TryOnDiffusion: The Most Powerful Model For Generating Fitting Images

Image Generation 30/09/2024

3 main points
✔️ Virtual try-on is the generation of an image of a person wearing a garment based on an image of the person and the garment
✔️ Virtual try-on can improve the online shopping experience, but traditional methods are effective only when body poses and shapes do not change much
✔️ TryOnDiffusion achieves state-of-the-art performance by utilizing parallel UNets to accommodate a wide variety of poses and body shapes without distorting the patterns and textures of the garment

TryOnDiffusion: A Tale of Two UNets
written by Luyang Zhu, Dawei Yang, Tyler Zhu, Fitsum Reda, William Chan, Chitwan Saharia, Mohammad Norouzi, Ira Kemelmacher-Shlizerman
(Submitted on 14 Jun 2023)
Comments: Published on arxiv.
Subjects: Computer Vision and Pattern Recognition (cs.CV)

code：

The images used in this article are from the paper, the introductory slides, or were created based on them.

Introduction

Virtual try-on is based on an image of a person and an image of a garment, with the goal of visualizing how the garment would look on the person. Virtual try-on can enhance the online shopping experience, but most traditional try-on methods work well only when changes in body pose and shape are small. The main challenge is to deform the garment non-rigidly to fit the target body shape without distorting the garment's patterns or textures.
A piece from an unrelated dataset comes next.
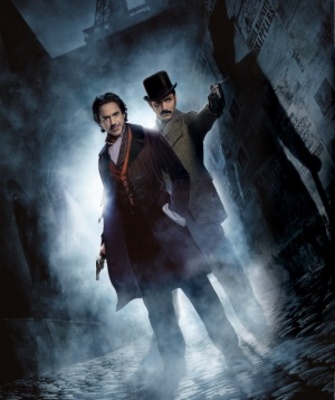 Sherlock Holmes: A Game of Shadows movie poster (2011) Poster MOV_e591070b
This article introduces TryOnDiffusion, which handles large obstructions, pose changes, and body shape changes while preserving clothing details at a resolution of $1024×1024$. The method uses as input two images, one of the target person and one of a garment worn by another person, and produces as output an image of the target person wearing that garment.

To produce high-quality images at high resolutions of $1024×1024$, TryOnDiffusion employs a cascaded diffusion model. Specifically, it first uses Parallel-UNet (Parallel-UNet) based diffusion at resolutions of $128×128$ and $256×256$. The $256×256$ result is then input to the super-resolution diffusion model to produce the final $1024×1024$ image.

TryOnDiffusion was found to be significantly superior, both quantitatively and qualitatively, compared to other state-of-the-art methods. In particular, in human evaluation experiments, TryOnDiffusion was rated the best compared to the three most recent state-of-the-art techniques, 92.72% of the time.

Proposed Method

Input Preprocessing

Theinput for the entire modelconsists of four components,except for the person and clothing images,whichhave a total of six components,as shown in the upper left portion of Figure 1. First, the key points of the 2D pose are predicted by the learned model for both the person and garment images. Next, the garment images are segmented into garment-only images. For the person image, we generate a clothing-independent RGB image that preserves the person's features while removing the original clothing.

Trial Wear Cascade Diffusion Model

The cascade diffusion model of the proposed method consists of one basic diffusion model and two super-resolution (SR) diffusion models, as shown in the upper part of Figure 1. The basic diffusion model is parameterized as a $128×128$ Parallel-UNet (bottom part of Figure 1). This model generates the fitting image from the inputs described above.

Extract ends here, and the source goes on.